A showy, if less than original, William and Mary red japanned center table was typical of the new format. Estimated at £10,000 to £15,000, it did not find a buyer, but a circa 1825 mahogany table did, at £43,750, more than four times the low estimate.

But the prices of even the best English antique furniture are being dwarfed by those paid for the top names of 20th-century design.

On Wednesday, at Phillips’s biannual evening sale of modern and contemporary design in London, a circa 1925 brass-inlaid rosewood “gondole” sofa by Marcel Coard was bought by one of three telephone bidders for £974,500, against an estimate of £200,000 to £300,000.

Recently discovered in a house in the Netherlands, the piece was a hitherto unknown variant by Coard of a celebrated Art Deco sofa that was commissioned by Jacques Doucet, the Parisian couturier and collector who was the first owner of Picasso’s “Les Demoiselles d’Avignon.”

Still, the presence of fewer than 30 people in the salesroom underlined that design remains a more rarefied collecting field than modern and contemporary art.

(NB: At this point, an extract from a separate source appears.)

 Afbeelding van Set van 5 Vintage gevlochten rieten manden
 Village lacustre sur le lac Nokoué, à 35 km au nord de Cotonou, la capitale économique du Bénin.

Nonetheless, prices from this 42-lot Phillips auction, which raised £4.9 million with fees against a low estimate of £3.6 million, with 74 percent of the pieces sold, suggested that 20th-century design remains a solid enough investment.

A circa 1925 black lacquer “Brick” screen by Eileen Gray, for example, sold to another telephone bidder for a top price £1.5 million, having been bought at auction in 1989 for $373,000.

There were no pieces from the 1970s in this Phillips sale, but the period is being reassessed by collectors and traders, with the upscale New York dealership Demisch Danant making it a specialty.

Michel Boyer, Yonel Lebovici, Gabriella Crespi and Maria Pergay are among the decade’s names to watch. Two circa 1970 stainless steel “Wave Benches” by Ms. Pergay sold in February, one for 14,000 euros and the other 14,500 euros without the buyer’s premium, or about $20,000 each with fees at Leclere-Maison de Ventes in Marseille, France. A similarly dated table lamp in the same material by Ms. Crespi sold for €15,456 in April at the Paris auctioneers Piasa, according to the auction price database Artnet.

One example illustrates the fate of many pieces of fine English furniture. In 1982, Eugene and Vilhelmina Gedgaudas, a couple from North Oaks, Minn., paid £18,000, then about $32,000, for a handsome George II mahogany low chest of drawers from a London dealer. More than 30 years later, it reappeared among a group of antiques entered for sale by Gedgaudas’s widow at the Chicago auctioneers Leslie Hindman on April 20 and 21. The chest was bought by another London dealer for $23,750.

“Not much of a return, but good, considering the market,” said Corbin Horn, the head of fine furniture and decorative arts at Leslie Hindman. Mr. Horn said that he was having to have some frank conversations with American owners of 18th-century English furniture. “I advise them that they should expect a third or a quarter of the prices they paid 15 to 20 years ago.”

Life appears to be imitating art, but not quite in the way that the narrator of “The Goldfinch” envisaged it.